Content starts

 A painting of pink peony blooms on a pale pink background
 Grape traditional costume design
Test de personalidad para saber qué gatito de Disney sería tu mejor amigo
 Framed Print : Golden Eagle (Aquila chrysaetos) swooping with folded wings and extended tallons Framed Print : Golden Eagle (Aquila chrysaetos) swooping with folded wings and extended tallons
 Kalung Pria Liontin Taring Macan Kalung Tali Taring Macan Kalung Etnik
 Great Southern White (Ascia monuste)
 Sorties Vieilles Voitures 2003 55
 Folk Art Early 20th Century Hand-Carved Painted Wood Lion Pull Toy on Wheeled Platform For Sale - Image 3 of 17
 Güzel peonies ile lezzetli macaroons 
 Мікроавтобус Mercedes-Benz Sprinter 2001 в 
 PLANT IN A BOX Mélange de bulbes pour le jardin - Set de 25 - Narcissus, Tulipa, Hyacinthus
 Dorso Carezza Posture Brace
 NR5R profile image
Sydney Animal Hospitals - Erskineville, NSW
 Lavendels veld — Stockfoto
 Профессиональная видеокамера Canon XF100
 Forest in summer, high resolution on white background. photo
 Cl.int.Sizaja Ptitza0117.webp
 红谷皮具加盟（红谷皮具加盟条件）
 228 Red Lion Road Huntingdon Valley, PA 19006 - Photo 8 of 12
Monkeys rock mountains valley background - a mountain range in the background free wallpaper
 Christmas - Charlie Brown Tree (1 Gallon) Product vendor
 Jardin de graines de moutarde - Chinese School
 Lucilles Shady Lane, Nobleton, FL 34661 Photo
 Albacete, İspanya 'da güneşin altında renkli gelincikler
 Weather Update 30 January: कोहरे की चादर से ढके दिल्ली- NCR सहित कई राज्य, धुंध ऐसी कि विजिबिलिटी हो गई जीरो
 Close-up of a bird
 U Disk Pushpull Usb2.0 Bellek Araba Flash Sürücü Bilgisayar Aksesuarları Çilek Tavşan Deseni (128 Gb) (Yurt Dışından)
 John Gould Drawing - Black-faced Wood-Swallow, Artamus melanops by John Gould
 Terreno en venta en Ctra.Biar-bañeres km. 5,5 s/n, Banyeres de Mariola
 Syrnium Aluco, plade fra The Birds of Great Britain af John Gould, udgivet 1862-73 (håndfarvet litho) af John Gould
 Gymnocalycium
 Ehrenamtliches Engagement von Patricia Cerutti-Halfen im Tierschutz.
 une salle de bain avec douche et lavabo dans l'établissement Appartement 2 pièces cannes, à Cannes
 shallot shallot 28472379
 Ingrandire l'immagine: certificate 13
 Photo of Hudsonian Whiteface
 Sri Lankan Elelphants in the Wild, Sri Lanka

Content ends

Check each line of the records above for "John", and copy those that have it.

 John Gould Drawing - Black-faced Wood-Swallow, Artamus melanops by John Gould
 Syrnium Aluco, plade fra The Birds of Great Britain af John Gould, udgivet 1862-73 (håndfarvet litho) af John Gould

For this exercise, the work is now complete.